Eukaryotic SECIS element consensus sequence. Novel conserved residues are shown in magenta. Where a specific nucleotide is shown, it was observed in that position in 50% or more of the aligned sequences. Where a class of nucleotides is shown, that class was observed in that position in 70% or more of the aligned sequences. Y=U or C, K=G or U, N=any nucleotide, W=A or U, R=A or G, M=A or C. Quartet: four consecutive non-Watson–Crick base pairs. Base pairs forming the quartet were called abcd/a′b′c′d′ for the sake of clarity in the text. Position ‘z’ is the first nucleotide after the run of Ms, positions 2H3/2′H3 are the second base pair of Helix 3 and 1ap the first nucleotide of the apical loop. The range of possible lengths for helix 1 is hard to determine because it depends on the local 2D structure of the mRNA 3′UTR.

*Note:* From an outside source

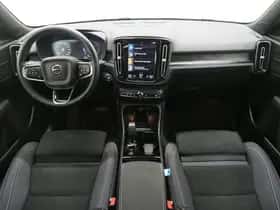 Volvo XC40 thumbnail 5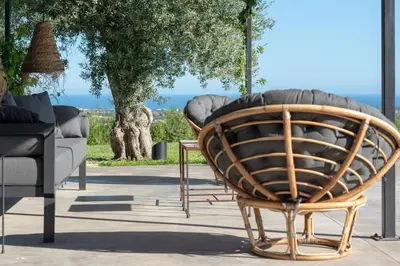 Paesaggio naturale nelle vicinanze della villa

SECISaln will predict a SECIS element in the query sequence, split it into its constituent parts and align these against a precompiled database of eukaryotic SECIS elements. The user can choose whether the database sequences are sorted by protein family or by species, thereby offering the possibility of comparing the submitted sequence to other, known SECISes. In addition, SECISaln returns a graphical image of the predicted structure of the user-submitted sequence as well as a multiple structural alignment of all SECIS elements of that type already present in the database. SECISaln uses SECISearch for the SECIS prediction step, described in detail in (Kryukov et al. (2003) and is not intended as a replacement for SECISearch. Our patterns and free-energy cutoffs are not stringent and will result in a high false positive rate if used to identify novel SECIS elements. Ideally, SECISaln should be used on sequences which are known to contain a SECIS element, and its main application is the detailed characterization of structural features in the identified SECIS elements, through the multiple structural comparison to other known SECIS elements.

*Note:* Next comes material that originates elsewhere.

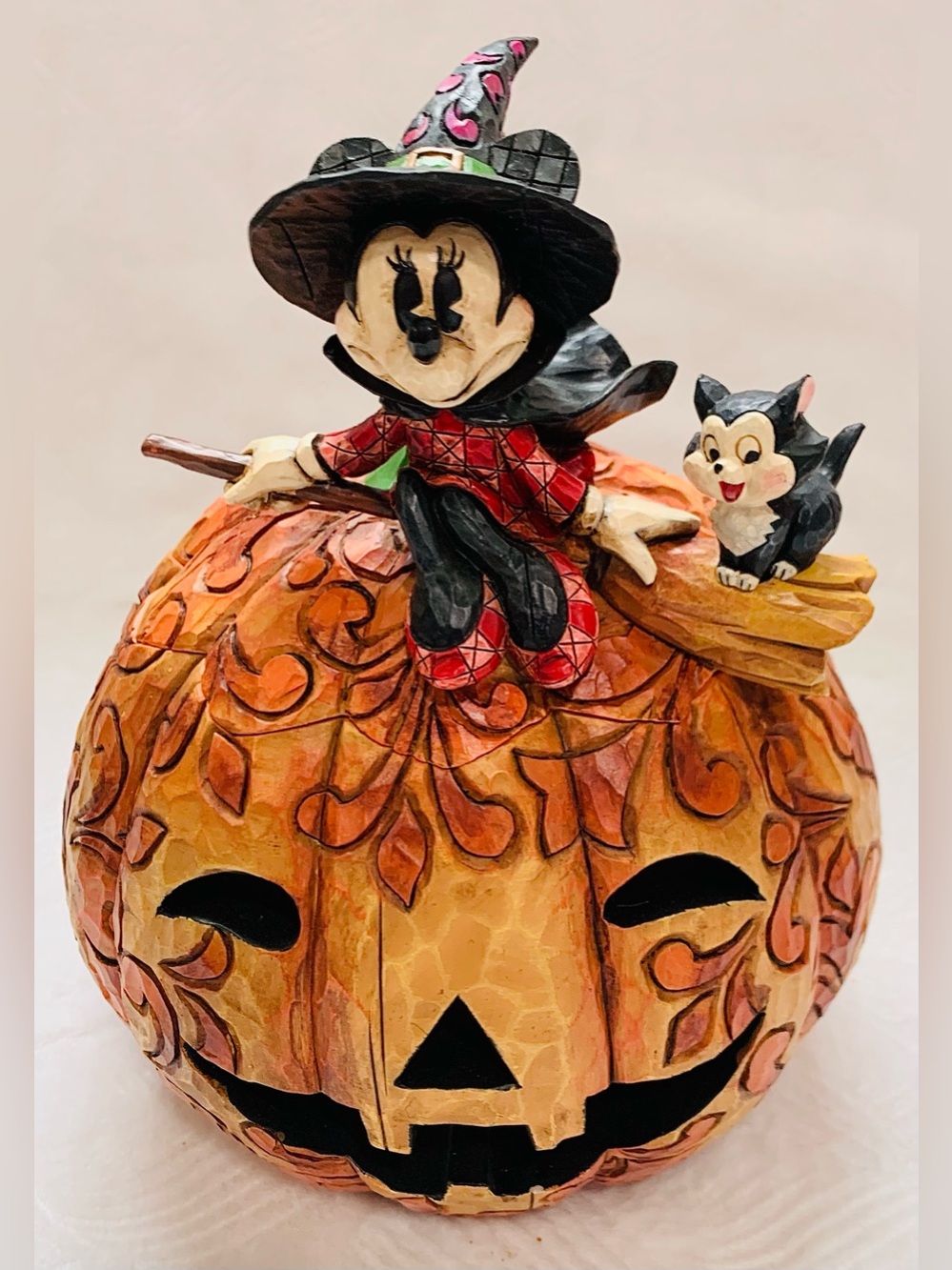 Jim Shore Walt Disney Showcase A Spellbinding Halloween Minnie Mouse Pumpkin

In addition to being the first structural alignment tool for SECIS elements, SECISaln also provides the largest available, manually curated collection of eukaryotic SECISes. Our SECIS collection was built by searching for homologs of all known eukaryotic selenoproteins in NCBIs Refseq mRNA and TIGRs EGO databases. We ran TBLASTN searches using the human (when available, other species when not) selenoproteins as queries. We then extracted the relevant mRNA sequence from the database and identified its SECIS element. We also manually added insect SECIS sequences that had been previously identified (Chapple and Guigó, 2008), but which are not yet present in mRNA databases. This process resulted in a collection of 62 type I and 224 type II SECISes, a clear indication that type II constitute the major part of SECIS elements. Interestingly, although all selenoprotein families had a type II SECIS in at least one species, SelO, SelT, MsrA, DI2, SelS, 15kDa, TR3, SelI, Gpx3 and TR2 had type II SECISes in all species investigated. GPx1 and DI1 had type I SECISes in all species except Danio rerio.

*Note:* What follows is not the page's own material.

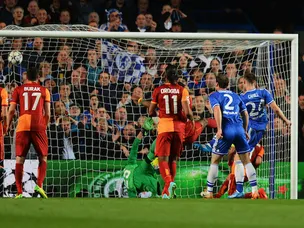 Chelsea through to quarter-finals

Analyzing the structural alignments produced by SECISaln provided a more detailed picture of SECIS structural features. For instance the length of helix 2, which was previously set to 14 bp, is less constrained and ranges in fact from 11 bp to 16 bp. SECISaln also highlighted previously unknown conserved residues in eukaryotic SECIS elements (see Supplementary Table 1), which can be summarized as a new consensus core sequence for eukaryotic SECIS elements as shown in Figure 1. Most striking of these is an overrepresentation of G at position 1 (3 to abcd) and a corresponding overrepresentation of Y (C or U) at position 1. We also observed a clear overrepresentation of U in type I elements, and Y in type II at position −4. This is particularly surprising since no cross-species sequence conservation has ever been observed five to the quartet, with the exception of the conserved R, and may be connected to the SBP2-SECIS contacts observed in this area (Cléry et al., 2007; Fletcher et al., 2001)

In conclusion, we believe that SECISaln, as has already been demonstrated by the analyses presented here, will be a very useful tool for the analysis and understanding of SECIS elements.